Amiram Yehudai received his B.Sc. in Electrical Engineering from the Technion, Israel Institute of Technology in Haifa in 1973, and his M.Sc. and Ph.D. in Computer Science from the University of California, Berkeley in 1974 and 1977, respectively.  In 1977 he joined the Academic Faculty of the Department of Computer Science, Tel Aviv University, and he is now an Emeritus Professor.  He served as the Chair of the Blavatnik School of Computer Sciences from 2008 to 2011, and was chairman of the CS Department (when it was still part of the School of Mathematical Sciences) from 1982 to 1983, from 1985 to 1987, and from 1992 to 1994.  From 2000 until 2003, Professor Yehudai was Vice President for Academic Affairs and Head of the Computer Science Program in the Academic College of Tel Aviv Yaffo.
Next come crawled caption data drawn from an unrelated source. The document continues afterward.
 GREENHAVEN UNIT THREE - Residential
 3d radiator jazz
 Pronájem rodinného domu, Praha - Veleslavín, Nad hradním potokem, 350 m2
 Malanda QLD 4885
Professor Yehudai held visiting positions in the University of California at Berkeley and at Los Angeles, in the University of Maryland, in GMD, Germany, and in the US Naval Postgraduate School. His main research areas are Software Engineering and Programming Languages.  He published over 80 articles in Journals and Conferences. He co-authored work on Parallelizing Pascal compiler that received an Honorable Mention in the 1990 IEEE Computer Society Gordon Bell prize. He also co-authored a paper that was voted the ASE 2011 Most Influential paper, selected from papers that appeared in the KBSE/ASE conferences in the years 1995-97. In addition, a paper on unit test and mock aspect generation tool, that he co-authored received best paper award in HVC 2007. His work has been funded by grants from the Israel Science Foundation, the German-Israel Fund, the Israeli Ministry of Science, the Israeli Ministry of Defense, IBM and Microsoft. He  has supervised more than a dozen PhD students, and more than 60 MSc students, and was awarded Rector's citation for Teaching excellence for the year 2007/08, Tel Aviv University.
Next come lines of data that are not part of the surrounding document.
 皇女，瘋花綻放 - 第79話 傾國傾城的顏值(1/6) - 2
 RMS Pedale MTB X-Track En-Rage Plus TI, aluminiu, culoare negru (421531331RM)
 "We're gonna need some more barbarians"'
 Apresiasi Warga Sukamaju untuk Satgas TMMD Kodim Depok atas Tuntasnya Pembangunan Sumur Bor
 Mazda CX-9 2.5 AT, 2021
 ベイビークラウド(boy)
Professor Yehudai served as the chairman of the Israeli Education Ministry's Committee on Computer Science Education between 1990 and 1999, and led the development of a new CS program, considered to be one of the leading CS high school curricula in the world. He was a member of the National Committee for Information Technology and Infrastructure, a member of the subcommittee on Computing of the Council for Higher Education(CHE)'s Planning and Budgeting Committee(PBC),  and a member of the CHE's Computer Science Quality Evaluation committee.

Over the years, Professor Yehudai consulted for many organizations, including Trivnet, Algorithmic Research, Mercury Interactive, Ampal, Aitech Software Engineering, National Semiconductors Israel, Open University, M.G. Electronics Israel. He served on the board of Sela group from 2000 to 2006, and was member of the advisory board of Foretellix co.